[DATA RECORDS — start]

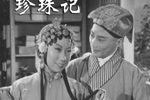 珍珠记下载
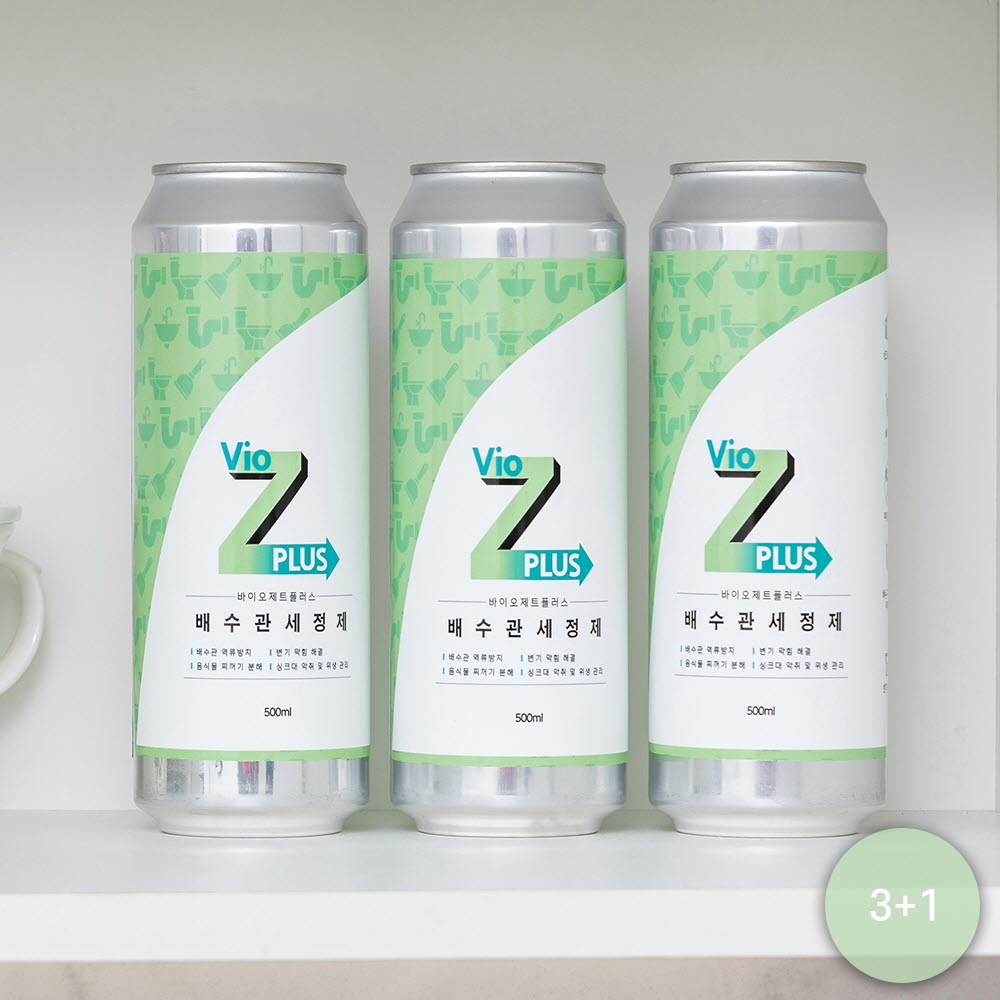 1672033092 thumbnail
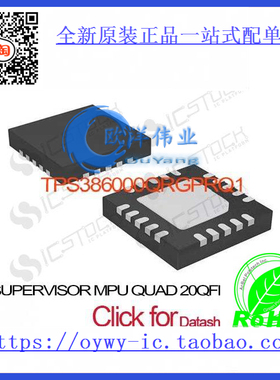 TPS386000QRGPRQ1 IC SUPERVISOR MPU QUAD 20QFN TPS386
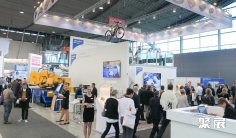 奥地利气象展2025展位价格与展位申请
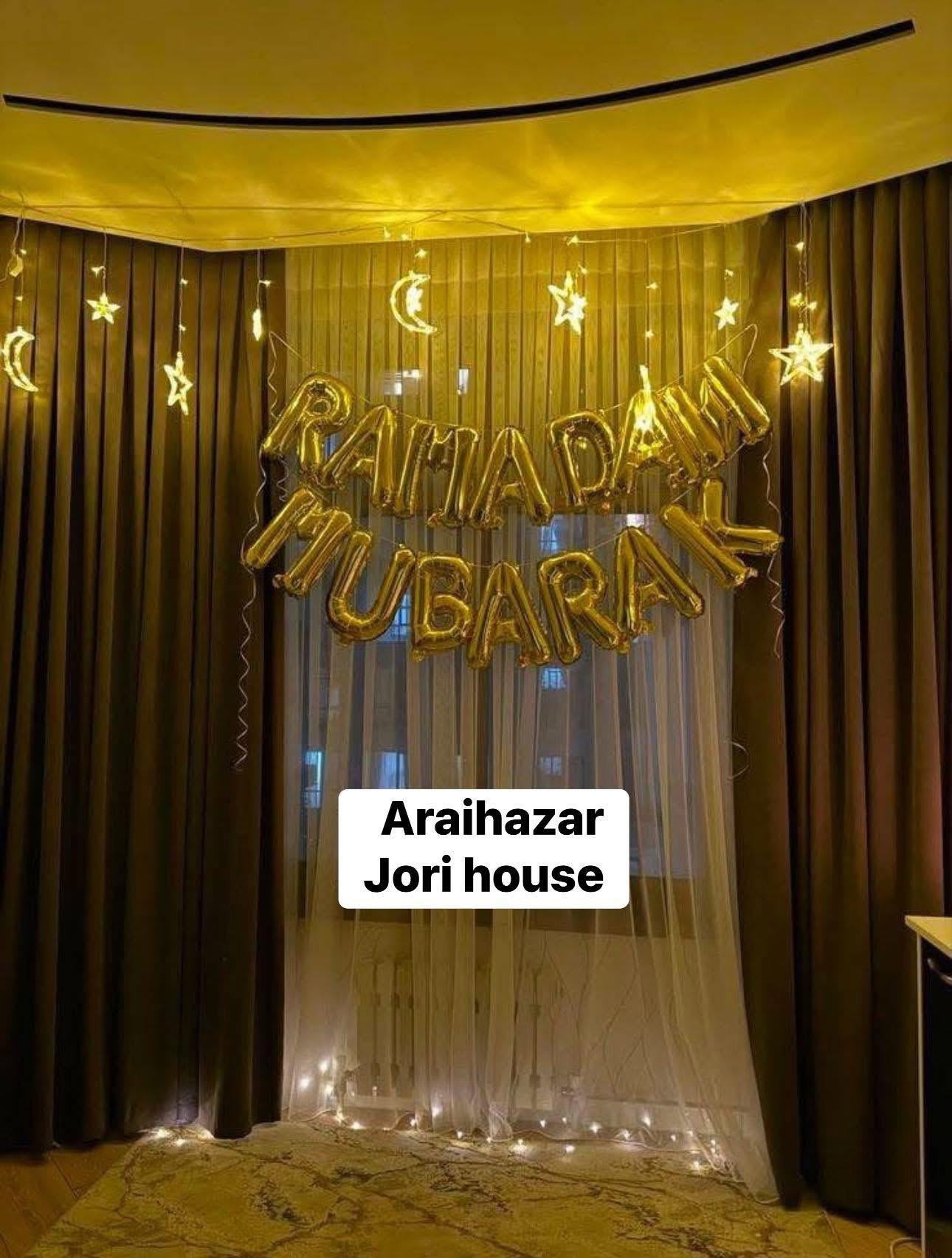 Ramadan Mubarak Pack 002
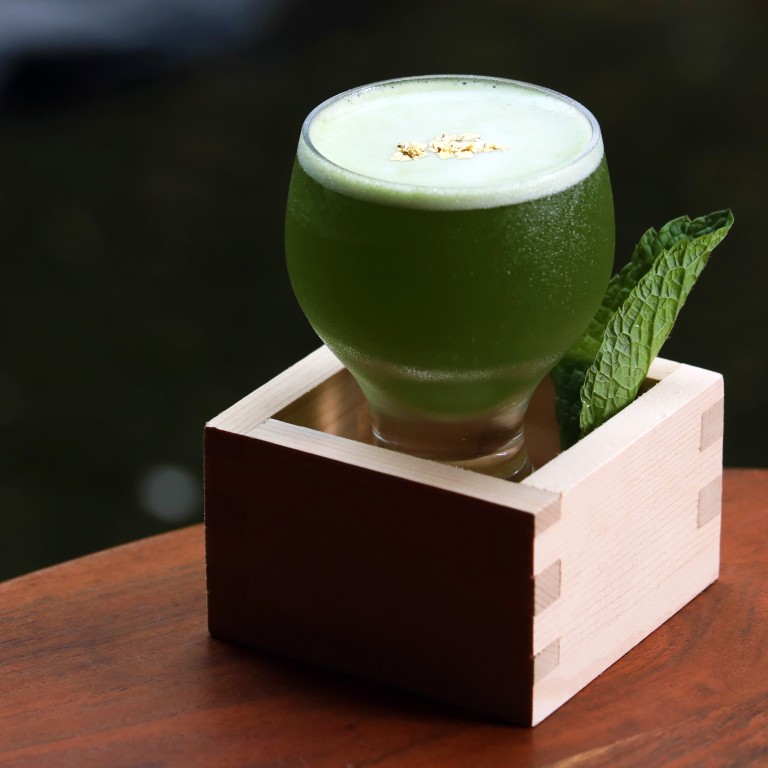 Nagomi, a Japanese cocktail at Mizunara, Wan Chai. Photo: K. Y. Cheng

[DATA RECORDS — finish]

• **TRY IT**
Starting with the line that contains "1672033092 thumbnail", repeat each line exactly through the last line of the data above, and nothing more; the pictures stay out.

• **EXERCISE ANSWER**
 1672033092 thumbnail
 TPS386000QRGPRQ1 IC SUPERVISOR MPU QUAD 20QFN TPS386
 奥地利气象展2025展位价格与展位申请
 Ramadan Mubarak Pack 002
 Nagomi, a Japanese cocktail at Mizunara, Wan Chai. Photo: K. Y. Cheng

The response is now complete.